A federal judge has decided a Connecticut dealer should lose his Subaru franchise because he moved his Subaru operation to a Chevrolet store. The dealer lost the termination case despite a Connecticut law protecting dualed franchises.
Richard Jaffe, owner of Richard Subaru in Cheshire, Conn., would not discuss the case, including prospects for appealing the decision.
In Richard Subaru Inc. vs. Subaru of New England, the U.S. District Court at New Haven, Conn., ruled that Subaru of New England was reasonable in revoking Jaffe's franchise.
Jaffe had asked permission from the distributor in 1990 to move his Subaru operation to a Chevrolet dealership, and he was turned down. For several months, Subaru of New England negotiated with Jaffe, offering financial help and suggestions about how to keep the Subaru store afloat, according to documents filed with the court.
Jaffe received Chevrolet's permission to dual with Subaru in early 1991, and in April he dualed Subaru with Chevrolet without the distributor's consent, court documents say.
Bob Mahoney, attorney for Subaru of New England, says he won the case because he had the data to support it, and because the distributor negotiated with the dealer.
The laws that protect dualed franchises often say factories can't require single-line representation. 'If you negotiate in good faith, you are not requiring a dealer to have a single-franchise dealership,' Mahoney reasons.
Subaru of New England has had documented success with single-line dealerships. Its dealers had the worst profits and volume among Subaru's 13 distributorships in the early 1970s, when most carried makes besides Subaru. But Subaru of New England jumped to No. 1 in the late 1970s, when most of its dealers operated Subaru-only stores, Mahoney says.
He believes the case could help other manufacturers or distributors pull the plug on dealers who open dual franchise operations.
Many manufacturers are promoting exclusive franchise outlets to give their brands maximum exposure. But they face growing opposition from dealers who lobby for protection from the states.
Sixteen states have some form of protection for multiline dealerships, according to the National Automobile Dealers Association.
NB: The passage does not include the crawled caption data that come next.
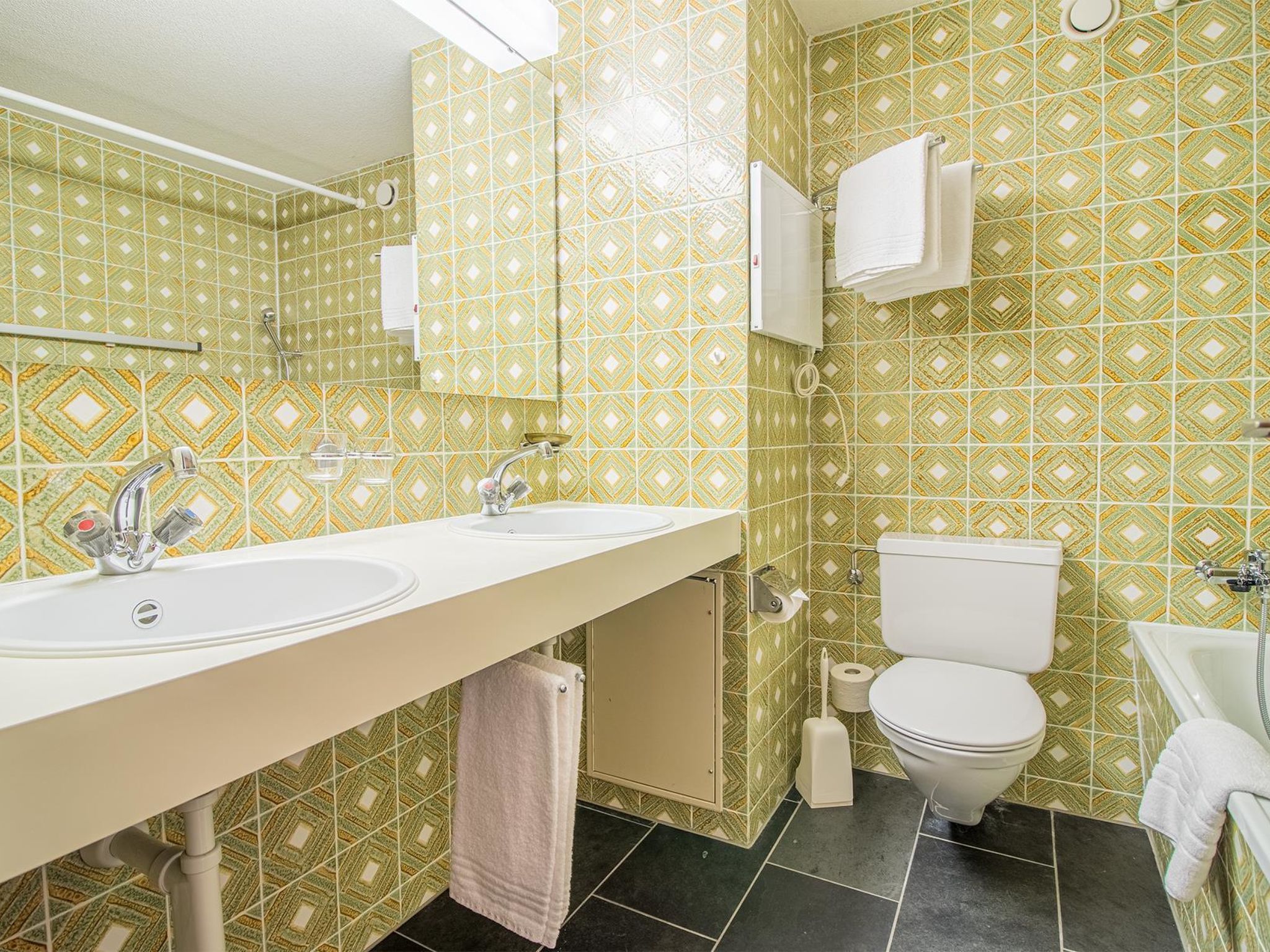 Photo of Rothornblick 46 by Arosa Holiday Appartement/Fewo,   Rothornblick 46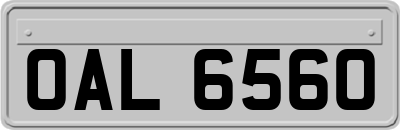 OAL6560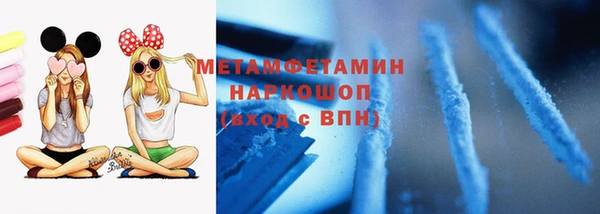 метадон Алексин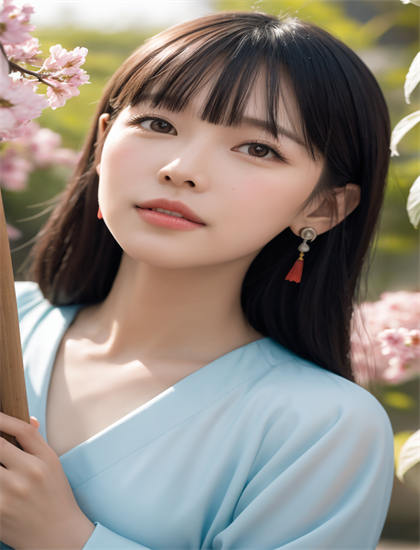 大师级的《天桥十三郎》讲了什么故事？完整剧情详细介绍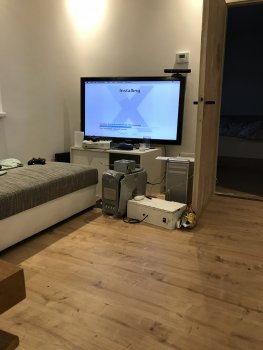 IMG_0141.JPG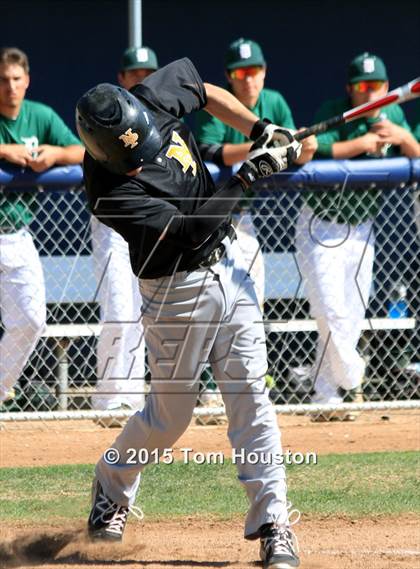 Thumbnail 3 in Damien @ Newbury Park photogallery.
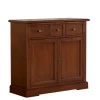 Dielenkommode Sesimbra*Pharao24 Outlet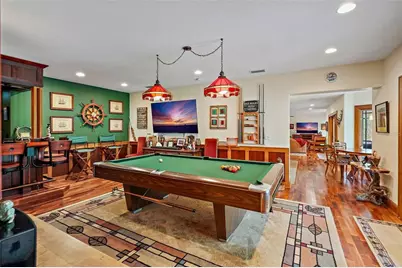 6000 2nd Street S, Saint Petersburg, FL 33705 - Photo 22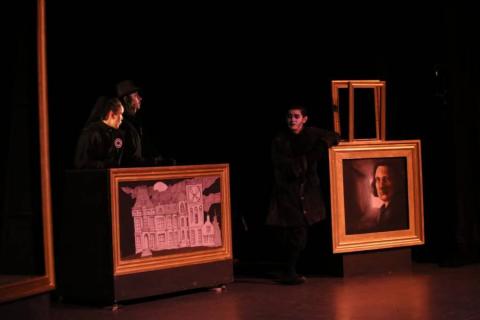Llega a su fin circuito Tlaxcalteatro imagen 7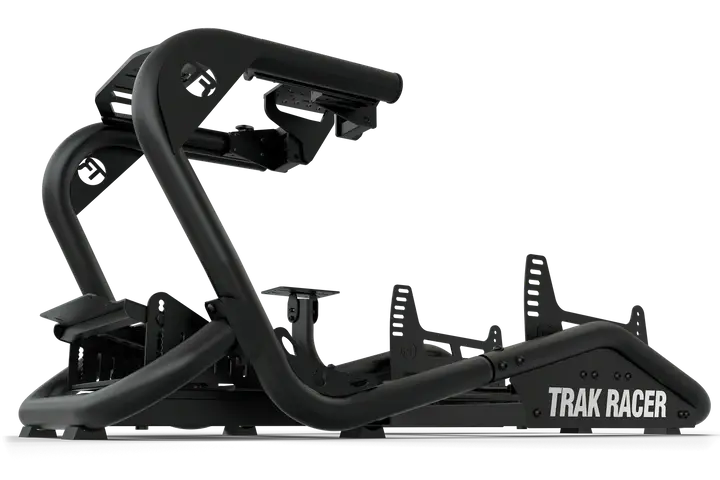 TR8 Pro Racing Simulator
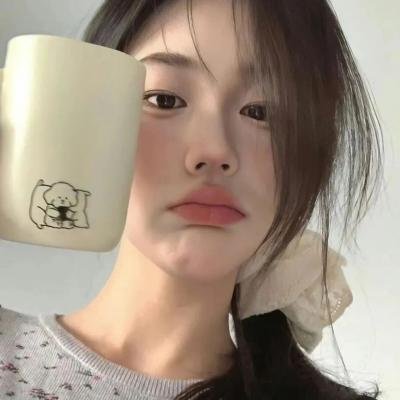 女子推理社第二季 封面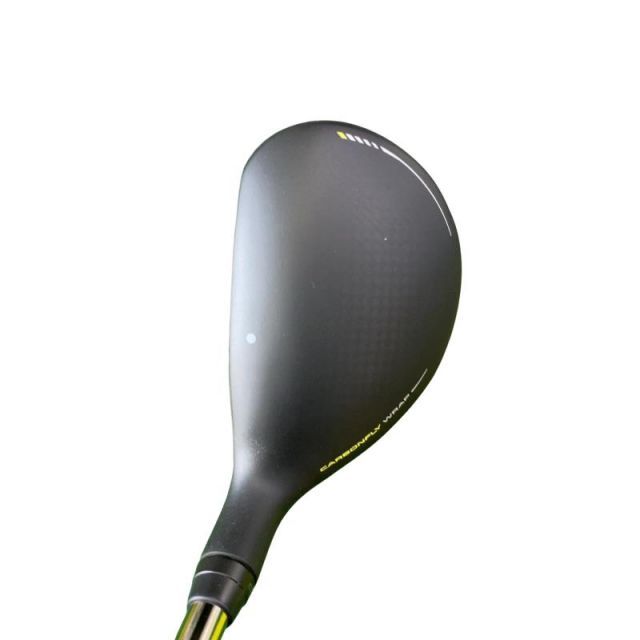 中古】 ピン G430 U3 ユーティリティ UT PING TOUR 2.0 CHROME 85(UT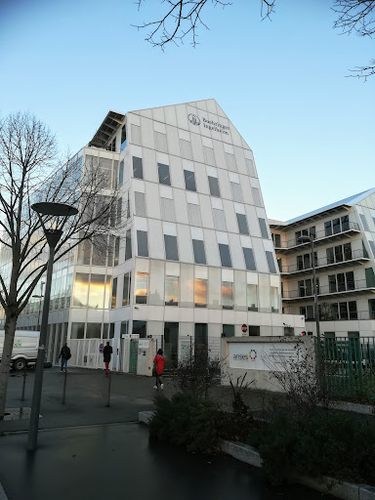 Boehringer Ingelheim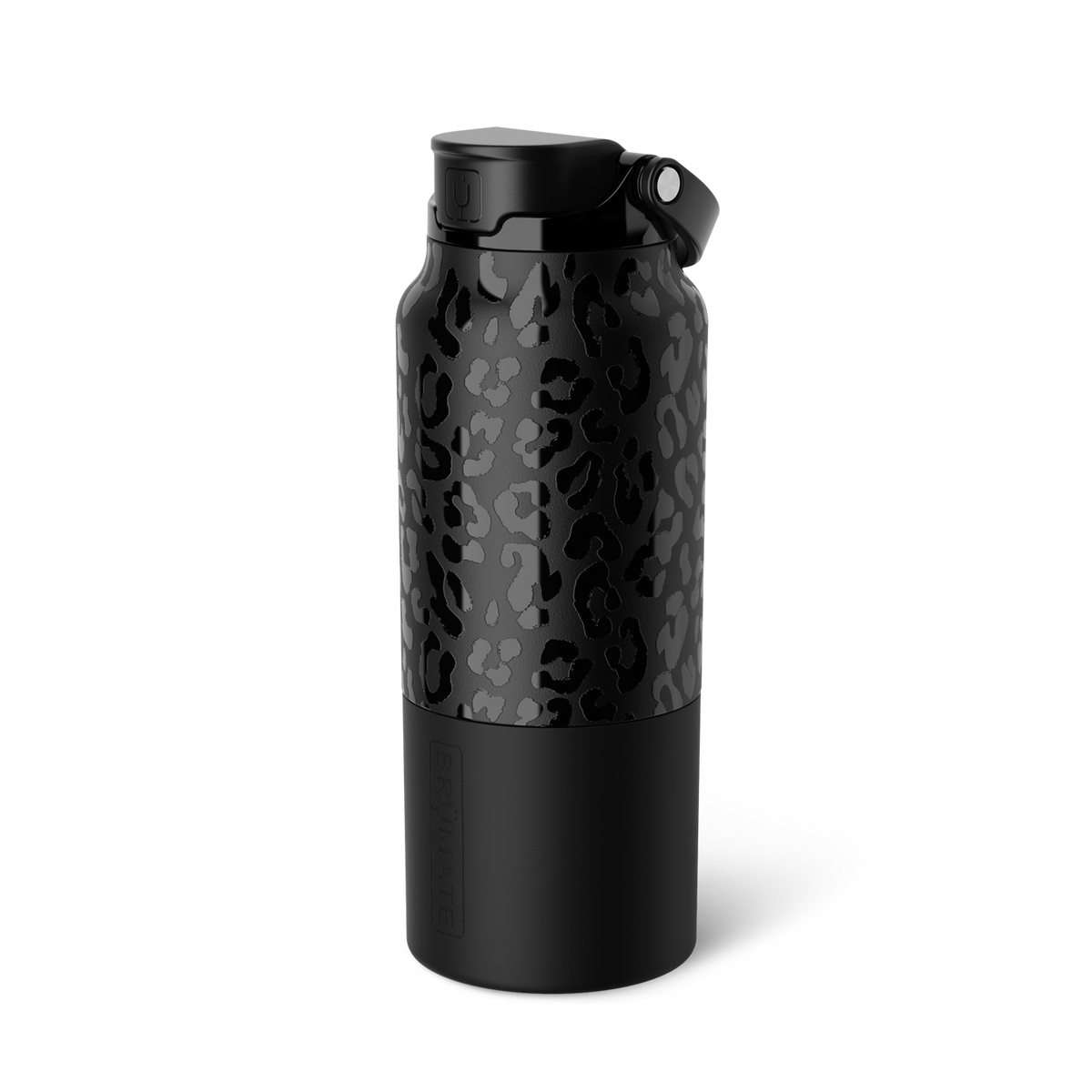 rise-35oz-q4 Rise-35-OnyxLeopard.png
Dealer attorneys question Mahoney's legal strategy, saying it would not work in every state.
Dan Myers, a Tallahassee, Fla., dealer attorney, recently defeated an automaker's attempt to yank its franchise from a multiline dealer in West Virginia. 'The statute specifically says you can't terminate a dealer for dualing,' says Myers.
And some say the Jaffe case was an easy victory because the dual was a clear breach of contract. 'A dealer who adds a franchise without getting a factory's permission when the dealer agreement prohibits doing so runs the risk of losing his franchise,' says Jim Moors, a NADA attorney. He says most dealer agreements outlaw dual franchises without factory consent.